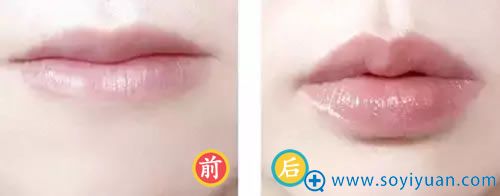 玻尿酸填充嘟嘟嘴的效果 玻尿酸填充嘟嘟嘴的效果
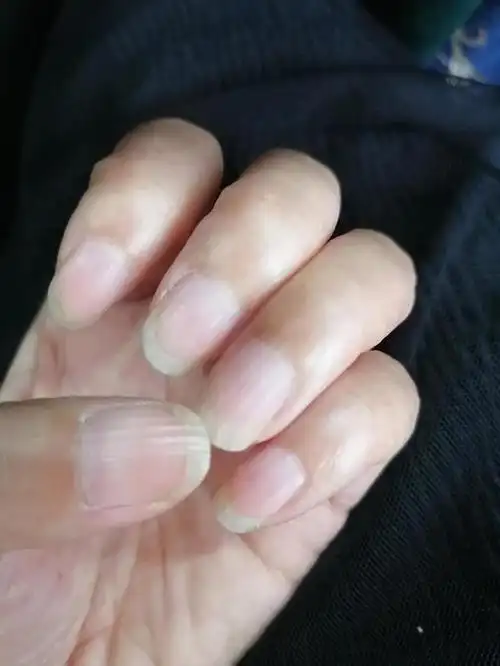 指甲竖纹明显怎么回事(指甲竖纹是怎么回事)(2)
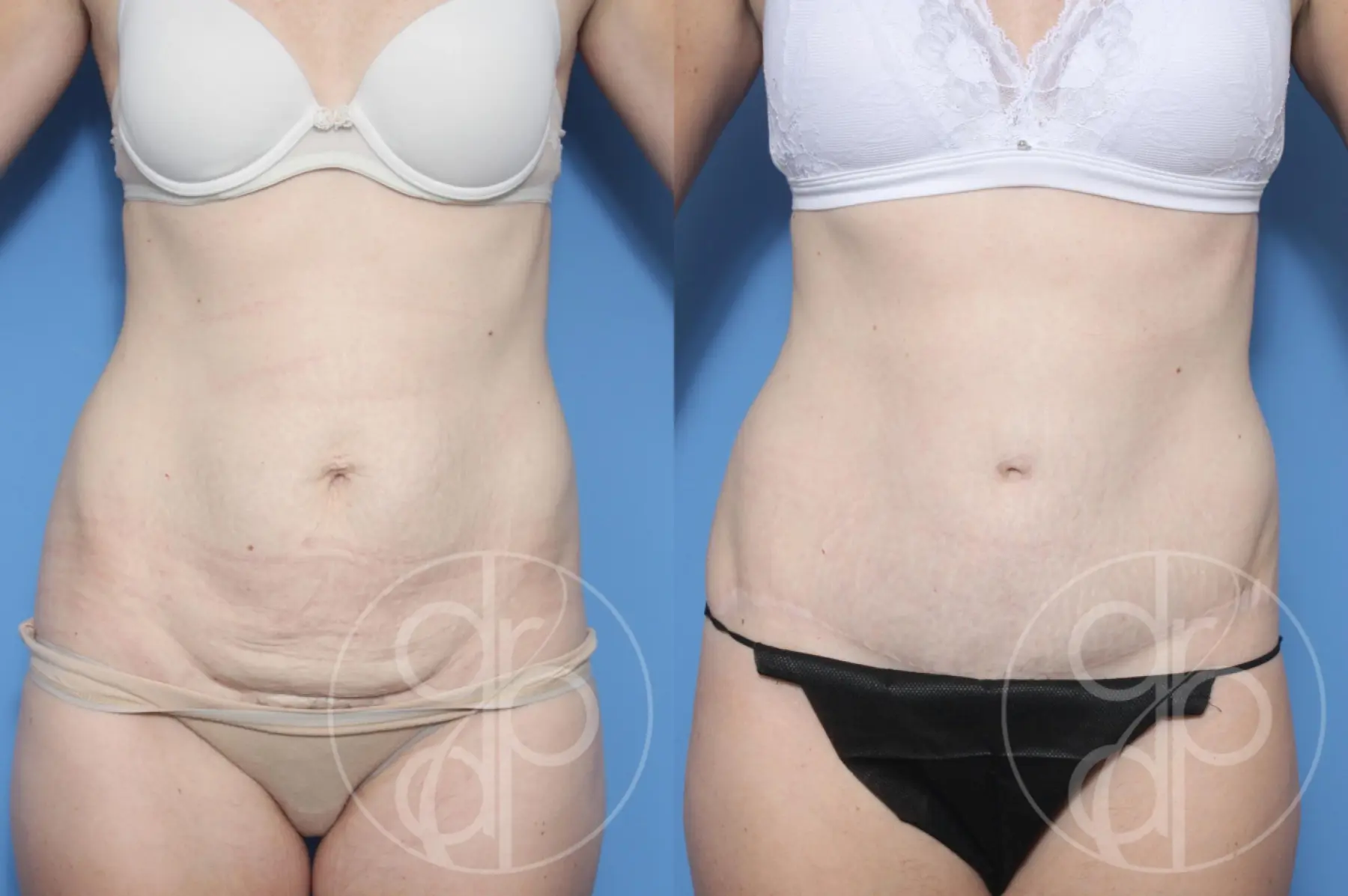patient 12804 tummy tuck before and after result - Before and After 2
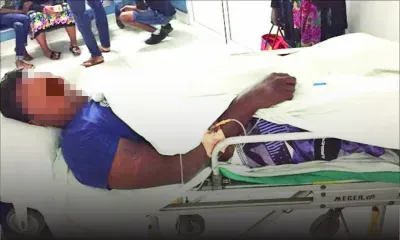 Accident à Bras-d’Eau : un homme de 23 ans amputé du pied droit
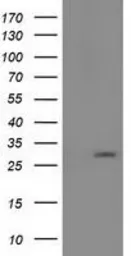 Anti-PYCRL antibody [2E10] used in Western Blot (WB). GTX83750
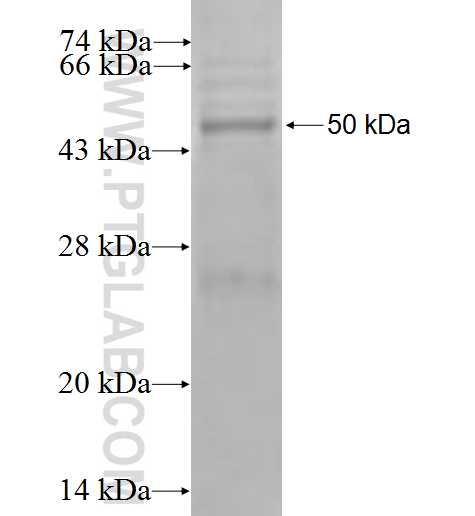 STK16 fusion protein Ag0339 SDS-PAGE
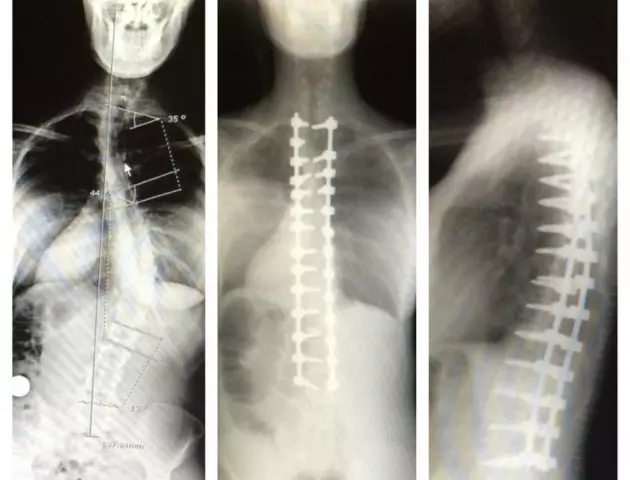 Carly&#8217;s Scary Spine!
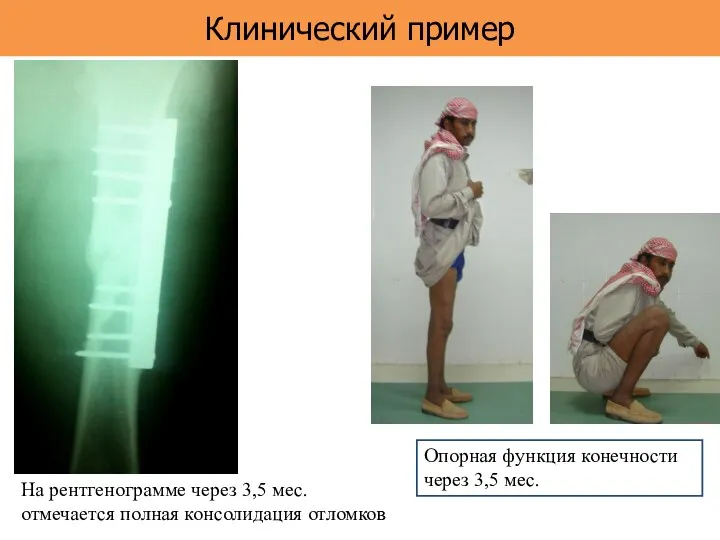 Клинический пример Опорная функция конечности через 3,5 мес. На рентгенограмме через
============
TASK TO COMPLETE: Set the preceding data down again word for word, omitting images.

EXPECTED ANSWER:
 玻尿酸填充嘟嘟嘴的效果 玻尿酸填充嘟嘟嘴的效果
 指甲竖纹明显怎么回事(指甲竖纹是怎么回事)(2)
patient 12804 tummy tuck before and after result - Before and After 2
 Accident à Bras-d’Eau : un homme de 23 ans amputé du pied droit
 Anti-PYCRL antibody [2E10] used in Western Blot (WB). GTX83750
 STK16 fusion protein Ag0339 SDS-PAGE
 Carly&#8217;s Scary Spine!
 Клинический пример Опорная функция конечности через 3,5 мес. На рентгенограмме через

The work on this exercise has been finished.